**Work to complete:** When you reach the line in the data below that contains "Prada Aimee Medium", please start repeating lines exactly, and stop after the line that contains "T-Shirt — Cute", repeating nothing else.

**Dataset:**

+ + + +

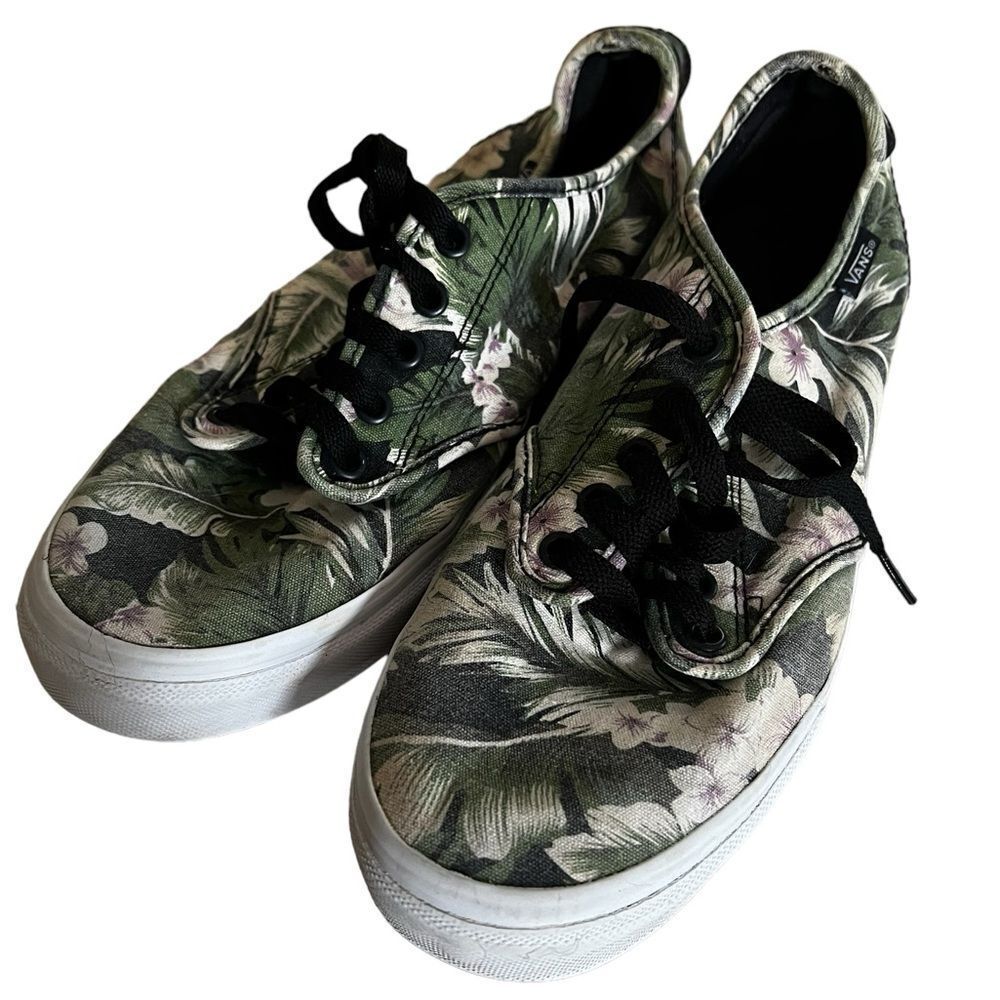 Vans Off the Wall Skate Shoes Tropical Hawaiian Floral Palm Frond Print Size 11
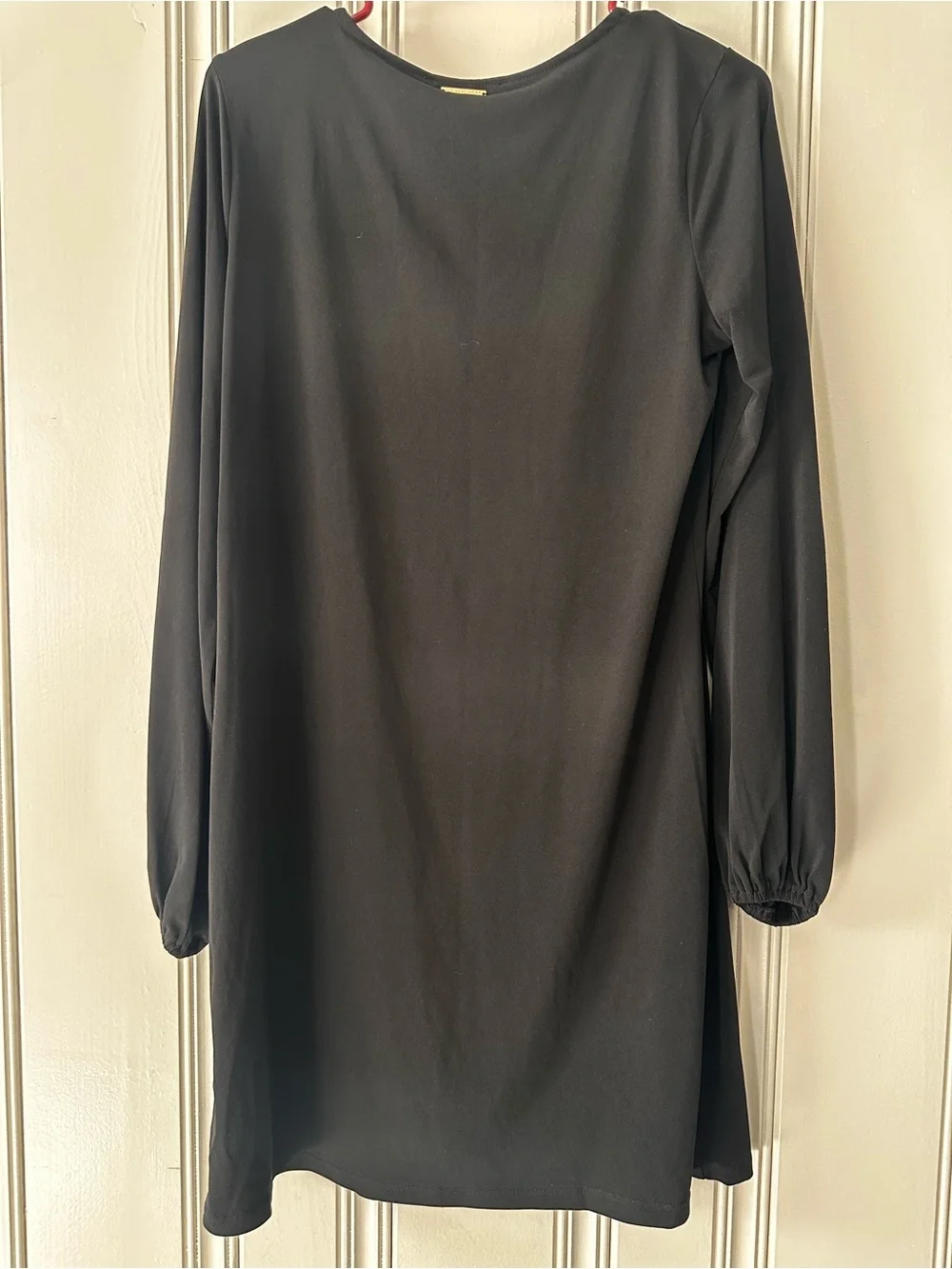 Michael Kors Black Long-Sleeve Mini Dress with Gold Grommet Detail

+ + + +

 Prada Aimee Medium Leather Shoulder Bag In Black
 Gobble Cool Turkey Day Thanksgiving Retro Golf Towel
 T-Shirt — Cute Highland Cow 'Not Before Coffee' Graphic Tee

+ + + +

**Output for this exercise:**
 Prada Aimee Medium Leather Shoulder Bag In Black
 Gobble Cool Turkey Day Thanksgiving Retro Golf Towel
 T-Shirt — Cute Highland Cow 'Not Before Coffee' Graphic Tee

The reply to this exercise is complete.